Here’s my suggestion:

Move to a town with a thriving music-making community (NYC, Nashville and LA are the major 3) and get an internship working with someone who is living the dream you want to live. Then get to work honing your craft whenever you can. In 4 years you’ll still be miles ahead of anyone sitting in class learning concepts like signal flow and gain staging with very limited practical experience.

Get out there and let inspiration carry you.
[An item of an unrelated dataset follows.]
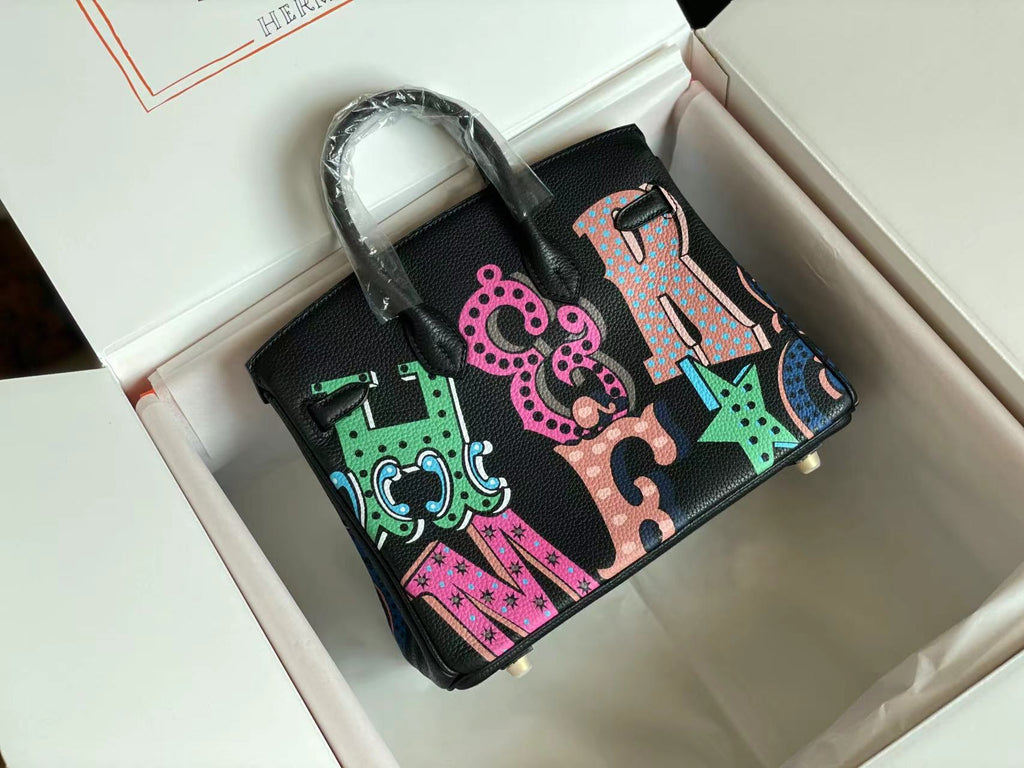 HERMES BIRKIN 25 BAG IN BLACK CALFSKIN WITH COLORFUL STICKER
Eat, sleep, drink, breathe & LIVE your passion for music. I wish you success. You’ll have the support you need when you look for it in the context of your current situation and begin taking the bold steps towards pursuing your dream. Don’t let any naysayers in your life crush your resolve. They are probably just upset they don’t have the same tenacity and courage to go after their own dreams.

Finally, realize that even your greatest struggles, challenges and failures that you will inevitably face happen FOR YOU, not to you. They can serve as amazing life lessons you won’t soon forget. This perspective shift is empowering when you realize it’s full truth.

I wish whoever is reading all the best in following your unique and special path.

Eric Westmaas

Eric is a musician, producer, engineer and co-operator of Matchless Mix based in Nashville, TN. In his free time he enjoys reading, running, coffee and discovering new music.